7. A fixed vane rotary abutment engine as defined in claim 6, wherein said third chamber is arranged in said stator diametrically opposite said second chamber.

8. A fixed vane rotary abutment engine as defined in claim 7, wherein said second and third chambers have equal diameters and said abutment rotors have equal diameters.

9. A fixed vane rotary abutment engine as defined in claim 8, wherein the diameter of said abutment rotors is less than the diameter of said main rotor.

10. A fixed vane rotary abutment engine as defined in claim 9, wherein said drive mechanism rotates said abutment rotors through two revolutions for each revolution of said main rotor, the recesses of said one and second abutment rotors alternately receiving said vanes of said main rotor for each revolution of said main rotor.
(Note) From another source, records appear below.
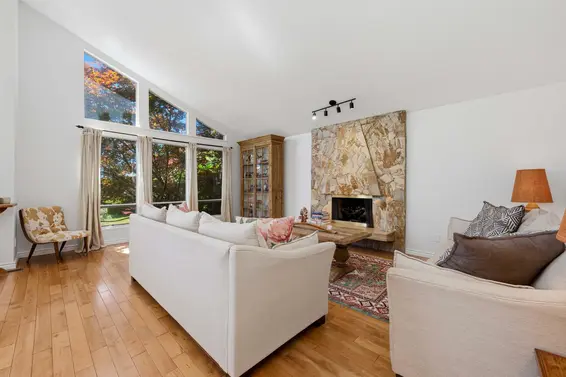 4150 Best Court, North Vancouver For Sale - image 3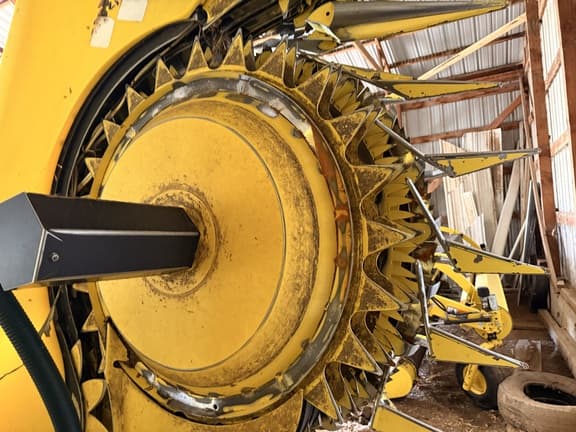 Image of John Deere 770 equipment image 3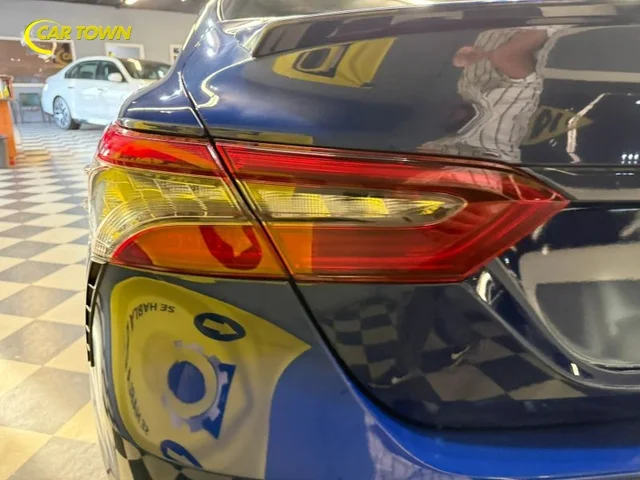 SEMINUEVOS TOYOTA Camry a Estados en autogozo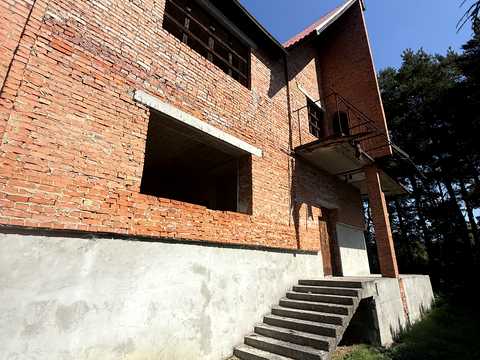 будинок за адресою смт. Брюховичі, Арктична вул., 37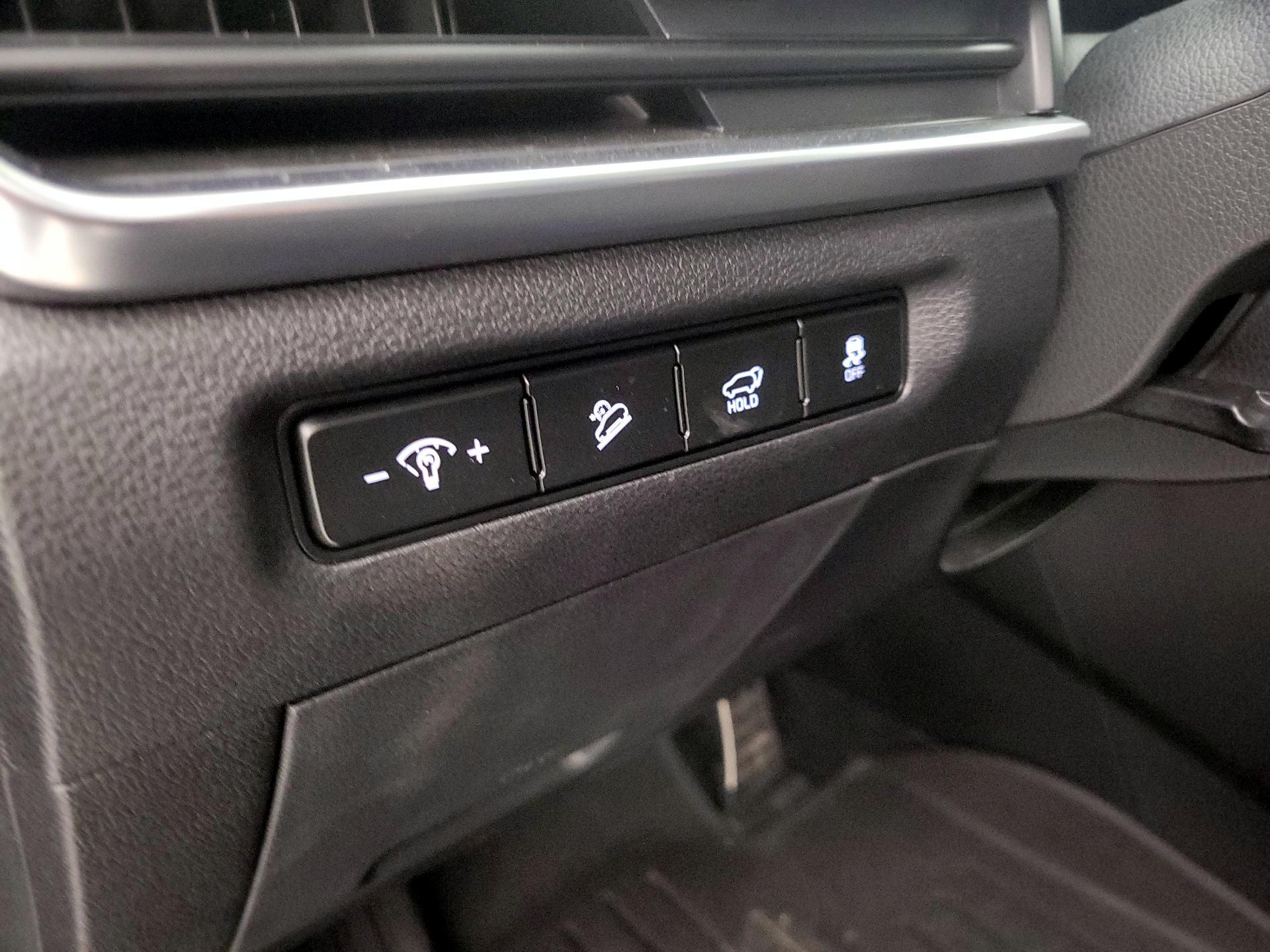 Thumbnail: 2023 Kia Telluride - 13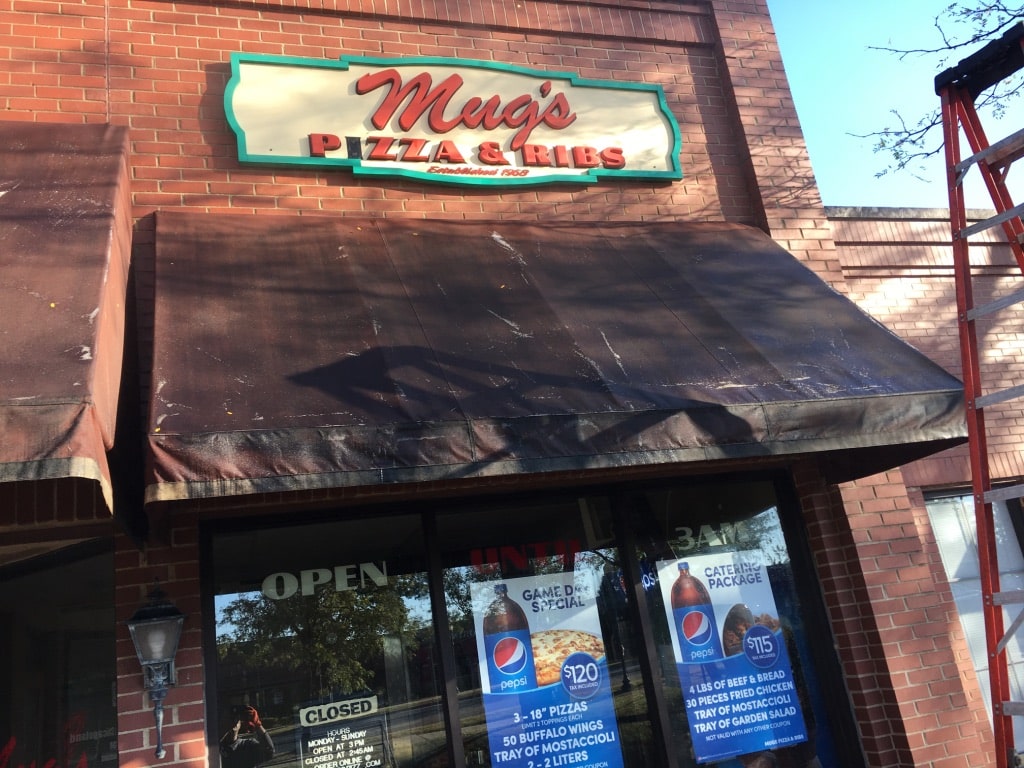 Storefront Cleaning Chicago Before 4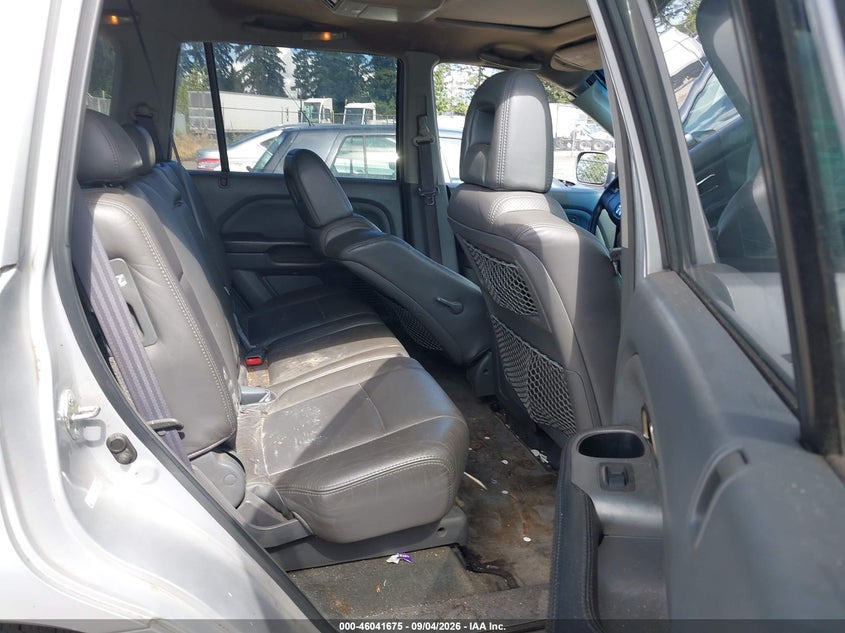 2004 HONDA PILOT auction photo 8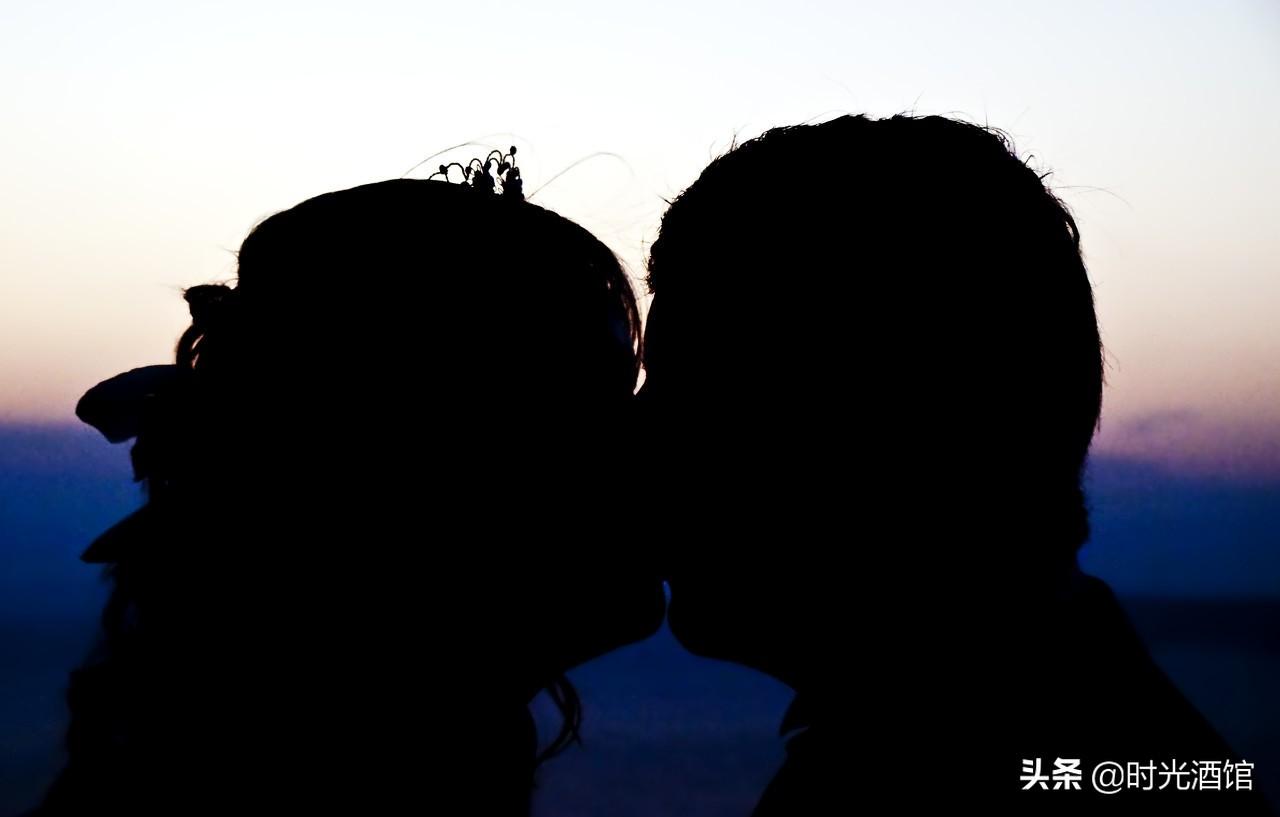 合适520情侣8个字的爱情宣言短句(图1)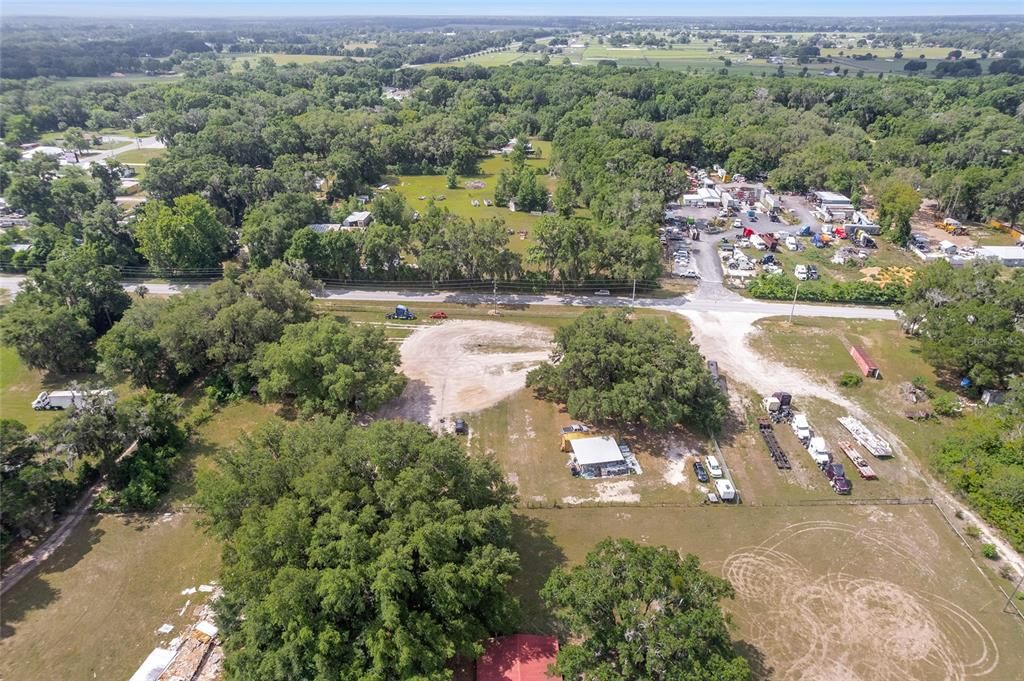На продажу: $349,900 (4.83 acres)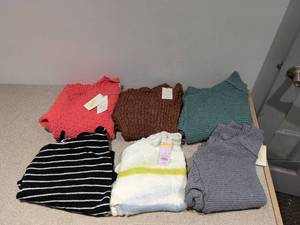 (6) BRAND NEW SIZE SMALL ASSORTED SWEATERS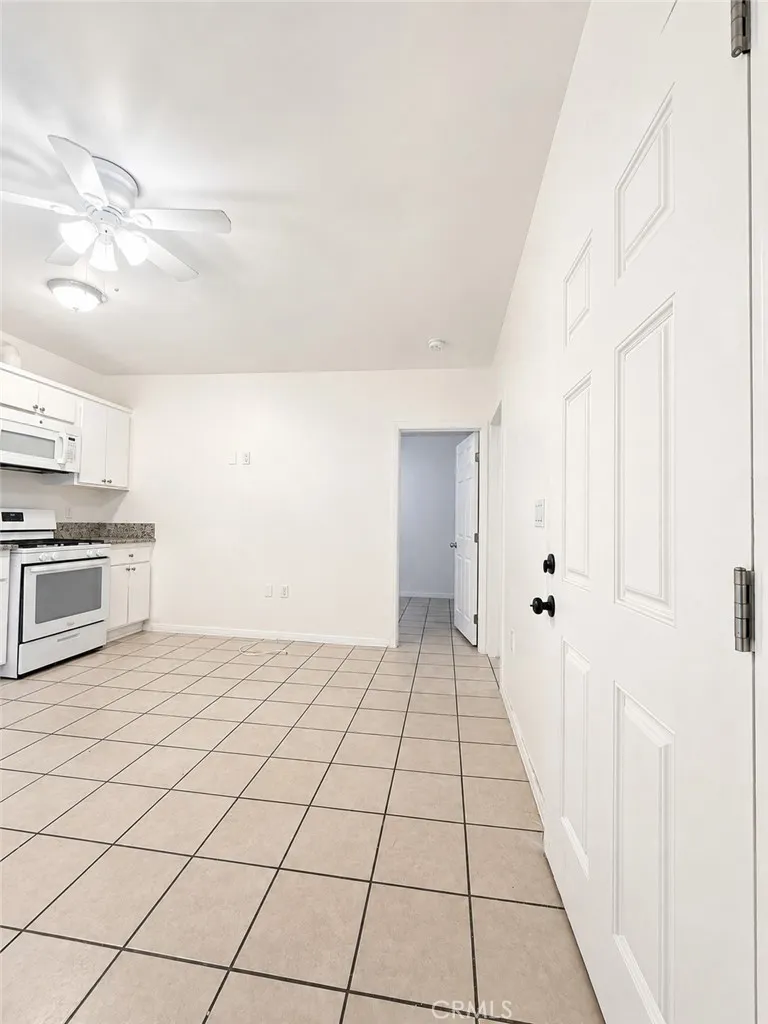 319 Hermosa Avenue #2 Long Beach, CA 90802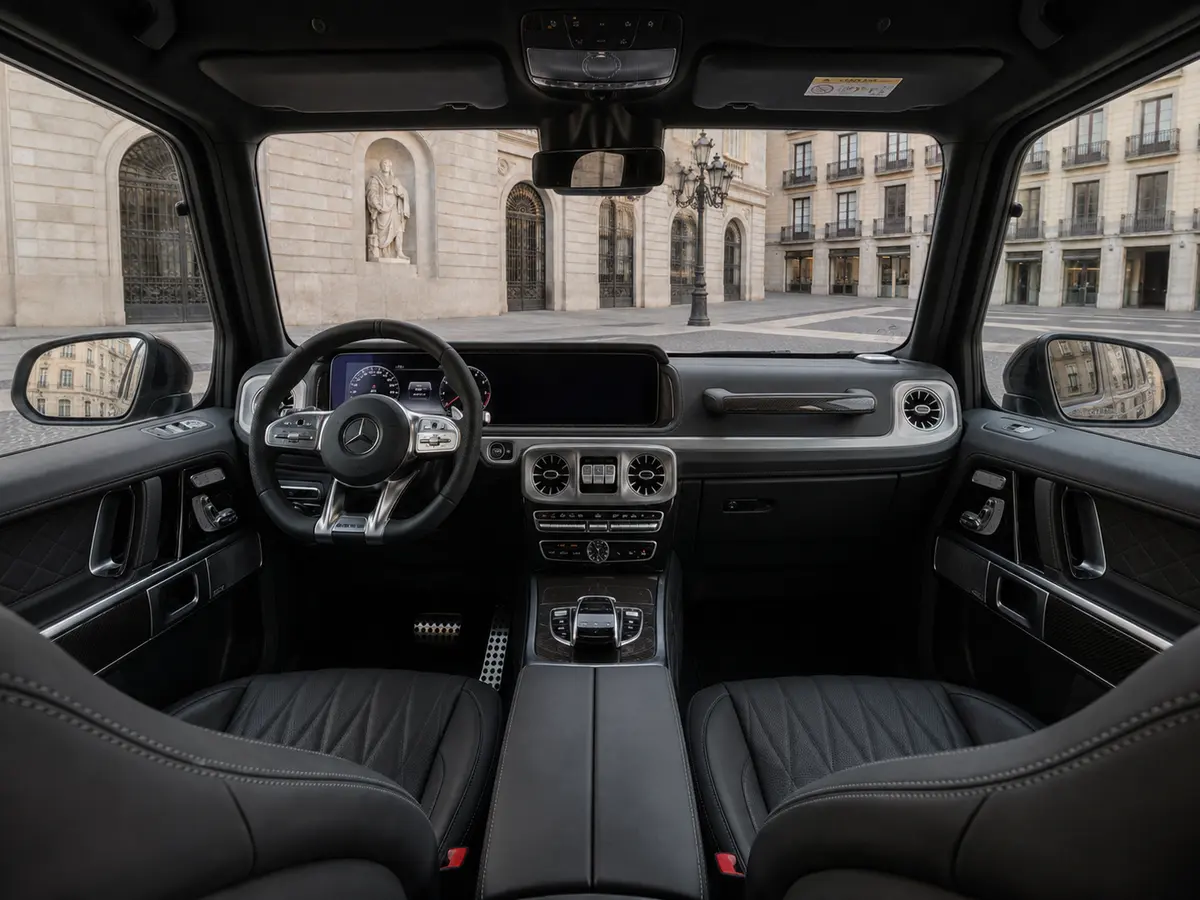 Mercedes Benz G63 2023, vista posteriore — Rome Luxury Car Rental, Roma. La Mercedes-Benz G63 del 2023 non passa inosservata: linee squadrate, cofano alto, una…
11. A fixed vane rotary abutment engine as defined in claim 10, wherein said stator includes additional air intake and exhaust ducts communicating with said main chamber, said additional air intake duct being arranged in said second combustion chamber and said exhaust duct being arranged downstream of said second abutment rotor relative to a direction of rotation of said main rotor.

12. A fixed vane rotary abutment engine as defined in claim 11, wherein said stator further contains an additional fuel injector port communicating with said second combustion chamber downstream of said additional air intake duct relative to said direction of rotation of said main rotor.

13. A fixed vane rotary abutment engine as defined in claim 12, wherein said stator further includes an additional igniter arranged in said second combustion chamber downstream of said additional fuel injector port for igniting a mixture of fuel and air in said second combustion chamber.

14. A fixed vane rotary abutment engine as defined in claim 13, and further comprising a valve arranged in said air intake ducts to control the delivery of air to said first and second combustion chambers.